Когда стреляют гаубицы - Вальтер Флегель 4 стр.


- Добрый вечер, - первой поздоровалась она. Он вошел в комнату.

- Как ты сегодня поздно! - Подойдя к нему, она поцеловала мужа, сняла с него фуражку и портупею.

- Я уже больше часа жду тебя, стоя у окна. Сегодня такая хорошая погода! Может, пойдем погуляем немного?

- Ты же знаешь, Бетти, что я завтра уезжаю, а мне еще нужно кое–что сделать. К тому же я голоден.

- Жаль, - сказала Бетти и зажгла свет.

На маленьком столике ждал приготовленный ужин. Поужинали молча. Убирая посуду, она спросила:

- Ты долго будешь работать?

- Пожалуй, да, - ответил он, - ты иди ложись, если мне никто не будет мешать, я скорее управлюсь с делами.

- Спокойной ночи, Клаус, - сказала Бетти и пошла к двери.

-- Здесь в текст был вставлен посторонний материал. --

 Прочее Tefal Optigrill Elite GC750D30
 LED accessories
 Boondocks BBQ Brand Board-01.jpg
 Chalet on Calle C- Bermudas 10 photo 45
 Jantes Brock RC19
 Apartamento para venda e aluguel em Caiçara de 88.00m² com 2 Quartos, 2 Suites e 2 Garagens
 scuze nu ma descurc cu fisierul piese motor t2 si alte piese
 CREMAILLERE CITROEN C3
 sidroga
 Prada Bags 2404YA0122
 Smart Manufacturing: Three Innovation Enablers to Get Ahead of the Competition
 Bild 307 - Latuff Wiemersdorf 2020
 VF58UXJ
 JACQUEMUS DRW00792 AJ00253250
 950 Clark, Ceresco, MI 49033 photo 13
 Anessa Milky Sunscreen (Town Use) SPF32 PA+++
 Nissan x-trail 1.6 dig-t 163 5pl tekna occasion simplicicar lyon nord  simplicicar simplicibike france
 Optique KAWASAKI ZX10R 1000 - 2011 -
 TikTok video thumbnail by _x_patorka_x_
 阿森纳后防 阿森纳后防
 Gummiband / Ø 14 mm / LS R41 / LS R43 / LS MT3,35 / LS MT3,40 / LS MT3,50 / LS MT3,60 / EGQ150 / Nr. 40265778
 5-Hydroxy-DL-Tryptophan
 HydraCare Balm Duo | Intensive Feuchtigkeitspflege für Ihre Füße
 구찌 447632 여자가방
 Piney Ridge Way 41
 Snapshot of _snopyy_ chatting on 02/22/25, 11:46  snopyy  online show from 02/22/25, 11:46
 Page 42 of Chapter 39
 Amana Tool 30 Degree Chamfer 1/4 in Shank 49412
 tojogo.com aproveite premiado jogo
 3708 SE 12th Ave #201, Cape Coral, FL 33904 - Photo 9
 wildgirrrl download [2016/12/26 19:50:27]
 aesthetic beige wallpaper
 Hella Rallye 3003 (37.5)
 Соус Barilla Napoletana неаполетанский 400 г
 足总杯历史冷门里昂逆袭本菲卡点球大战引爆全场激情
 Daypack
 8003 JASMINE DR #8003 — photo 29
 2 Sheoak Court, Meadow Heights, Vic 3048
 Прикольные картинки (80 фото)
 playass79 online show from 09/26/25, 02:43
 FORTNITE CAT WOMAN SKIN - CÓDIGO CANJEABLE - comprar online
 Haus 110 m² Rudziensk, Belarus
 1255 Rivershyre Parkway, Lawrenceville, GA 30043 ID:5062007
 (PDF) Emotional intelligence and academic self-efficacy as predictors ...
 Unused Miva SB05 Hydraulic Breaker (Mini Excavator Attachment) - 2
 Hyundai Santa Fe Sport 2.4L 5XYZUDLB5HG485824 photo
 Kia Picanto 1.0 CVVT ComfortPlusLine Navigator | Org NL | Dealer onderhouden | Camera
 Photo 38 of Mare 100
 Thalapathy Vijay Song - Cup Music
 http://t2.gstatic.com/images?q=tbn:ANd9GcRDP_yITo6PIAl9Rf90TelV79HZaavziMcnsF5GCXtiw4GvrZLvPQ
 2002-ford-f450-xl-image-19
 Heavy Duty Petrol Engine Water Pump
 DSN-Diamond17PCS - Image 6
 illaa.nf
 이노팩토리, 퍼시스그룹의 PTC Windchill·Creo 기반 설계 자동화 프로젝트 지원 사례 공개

Клаус слышал, как она прошла по коридору, как открыла дверь в спальню и начала стелить постель.

Неожиданно в голову ему пришла мысль, что Бетти сейчас заплачет. Однако он не вскочил с места, а лишь откинулся на спинку кресла и прислушался. Стояла мертвая тишина.

Кастерих облокотился на стол, уставившись взглядом на фотографию, висевшую на стене. На фото Бетти была в свадебной фате. Она радостно улыбалась, держа в руках букет роз. Было это почти пять лет назад. День свадьбы совпал у Бетти с днем рождения: ей тогда исполнилось девятнадцать лет. Жизнь у девушки началась так, как она мечтала. Бетти была влюблена в Клауса и почти ежедневно писала ему длинные письма.

Клаус старался отвечать на каждое ее письмо. Бетти казалась ему прелестным созданием из совершенно другого мира. Пока он учился в офицерском училище, они встречались каждый день, мечтали о том, как получат квартиру, купят красивую мебель, поедут путешествовать.

Каждая встреча с Бетти была для Клауса своеобразным подарком. Училище он окончил успешно и получил звание лейтенанта. Служить Кастериха послали на север. Бетти без лишних слов последовала за ним в маленькое селение, затерявшееся посреди леса. Она не представляла себе жизни без Клауса, где–то вдали от него.

Им дали небольшую двухкомнатную квартиру, забота о которой полностью поглотила Бетти. Она обмеряла ее, мысленно планировала, куда поставить новую мебель, когда они ее купят.

За годы замужества Бетти нисколько не изменилась. Она осталась такой же ласковой и покладистой. Самое главное в жизни для нее был муж. Ради него она жила. Все остальное, казалось, нисколько ее не интересовало.

Клаус был счастлив и гордился такой женой.

Однако однажды он, к своему удивлению и страху, почувствовал, что его раздражает некритическое отношение Бетти к жизни, а ее постоянные комплименты стали ему надоедать, как и бесконечные разговоры о меблировке квартиры и устройстве их личной жизни. Правда, Бетти он не высказал ни единого упрека. Да и что можно было сказать ей! Она ведь совершенно не знала жизни. Мысли об этом все чаще и чаще стали приходить в голову Клаусу и мучили его.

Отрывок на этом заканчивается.